It is often regarded as a separate sub-layer between the PHY and link-layer.

Assumptions:

The shared channel is a broadcast medium - this may not be true for wireless transmission media
If parallel transmissions occur, all contending transmissions are garbled - once again, this may not be true for wireless transmission media

Desirable properties:

Small medium access delay - time between the arrival of a packet and start of a successful transmissions
- Collisions, waiting times etc. affect this
- Small access delay desirable if medium is lightly loaded
Fairness and fair re-use of unused resources
Low overhead and high throughput
Stability - increasing load should not decrease throughput

Orthogonal MAC Schemes

The behavior of one station does not influence the behavior of other stations. This is done by exclusively allocating resources to individual stations.

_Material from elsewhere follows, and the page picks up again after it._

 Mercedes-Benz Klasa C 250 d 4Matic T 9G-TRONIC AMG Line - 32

FDMA: frequency division multiple access; TDMA: time division; SDMA: space division; CDMA: code division.

FDMA

Each station is given a band of frequencies - a sub-channel they have exclusive transmission access to.

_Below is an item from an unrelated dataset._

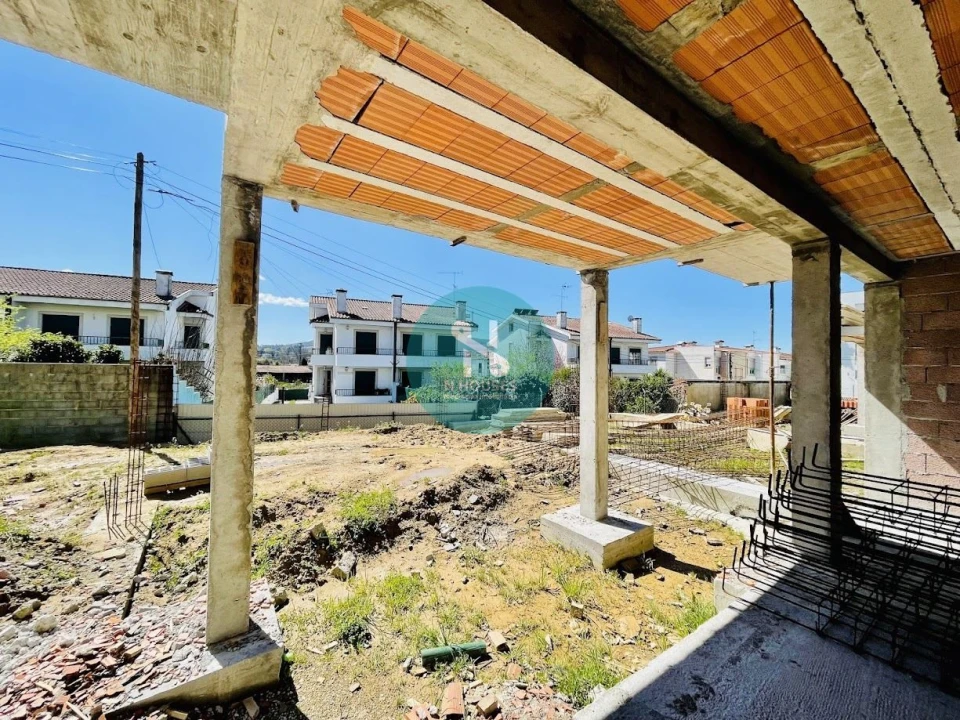 Moradia T3 para Venda em Merelim (São Pedro) e Frossos Foto 18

The channel bandwidth is subdivided into N sub-channels, with guard bands acting as safety margins between sub-channels and the fringe of the channel. This reduces interference between adjacent sub-channels.

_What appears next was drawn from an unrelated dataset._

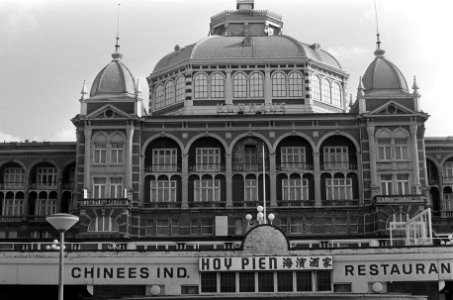 Scheveningen bereidt zich voor op badseizoen, kurhaus, Bestanddeelnr 926-2777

To receive data, a station must have a separate receiver for each channel or a single tunable receiver - the latter has the issue of coordination as it must switch (related - tuning takes time) to the channel before data is transmitted onto the channel.

Performance

If the total available bandwidth is B (bps), station i is assigned 1/N of B (approximately - guard bands ignored) on a long-term basis.

Medium access delay is 0 as i can start the transmission immediately without risk of collision.

If a packet has size B/N bits, transmission takes one second. Thus:

\begin{aligned}. E[\text{Completion Time}] &= E[\text{Transmission Delay}] + E[\text{Access Time}] \\. &= E[\text{Transmission Delay}] + 0 \\. &= 1 s. \end{aligned}.

Advantages and Disadvantages

N stations can transmit in parallel, and there is no need for time synchronization between the transmitters.

However, each station either needs N receivers or tuneable receivers, frequency synchronization is needed, and there is no re-use.

In addition, there needs to be some way of allocating sub-channels; if there is a central station in charge of keeping track which channels are being used and processing allocations requests, what happens if it crashes?

Hence, FDMA is good for CBR but bad for VBR.

TDMA

Time is subdivided into successive super-frames of duration T_SF, with each super-frame being subdivided into N subframes (plus guard times to compensate for synchronization errors). Hence, time slots are assigned exclusively and on a longer-term basis a station i for transmission.

Performance

Each station gets the full bandwidth B (bps) for 1/N of the time (ignoring guard times).

If:

Station i owns one time slot
T_SF is 1 second
A time-slot has enough bandwidth to transmit B/N bits
A packet of B/N bits arrives at a random time to station i

Thus:

\begin{aligned}. E[\text{Access Delay}] &= \frac{T_{SF}}{2} = 0.5 s \text{ (on average)} \\. E[\text{Completion Time}] &= E[\text{Access Delay}] + E[\text{Transmission Delay}] \\. &= 0.5 s + 1/N s <= 1 s \text{( less than for} N > 2\text{)}. \end{aligned}.

Thus, on average, TDMA allows starting later and finishing sooner due to the full bandwidth being exclusively available.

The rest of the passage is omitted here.